DESIGN: Cardiovascular Health Study, a longitudinal study of cardiovascular disease and its risk factors in older people.
SETTING: Four U.S. communities.
PARTICIPANTS: Five thousand thirty-six men and women aged 65 and older.
MEASUREMENTS: Whole-body skeletal muscle mass was measured at baseline, and subjects were classified as having normal muscle mass, moderate sarcopenia, or severe sarcopenia based on previously established thresholds. Disability was measured via questionnaire at baseline in up to eight annual follow-up examinations. The cross-sectional relationship between sarcopenia and prevalent disability at baseline was examined using logistic regression models. The longitudinal relation between sarcopenia and incident disability over 8 years of follow-up was examined using Cox proportional hazards models.

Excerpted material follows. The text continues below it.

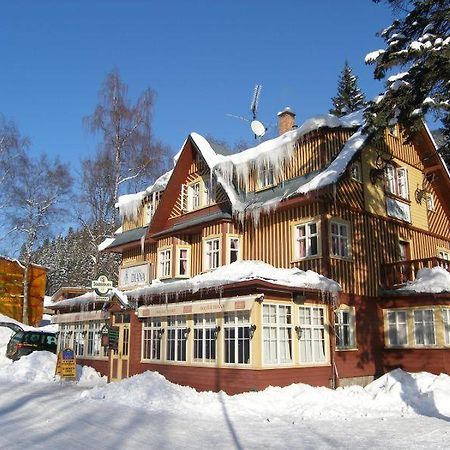 Hotel Diana Špindlerŭv Mlýn Luaran gambar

RESULTS: At baseline, the likelihood of disability was 79% greater in those with severe sarcopenia (P<.001) but was not significantly greater in those with moderate sarcopenia (P=.38) than in those with normal muscle mass. During the 8-year follow-up, the risk of developing disability was 27% greater in those with severe sarcopenia (P=.006) but was not statistically greater in those with moderate sarcopenia (P=.23) than in those with normal muscle mass.
CONCLUSION: Severe sarcopenia was a modest independent risk factor for the development of physical disability. The effect of sarcopenia on disability was considerably smaller in the longitudinal analysis than in the cross-sectional analysis.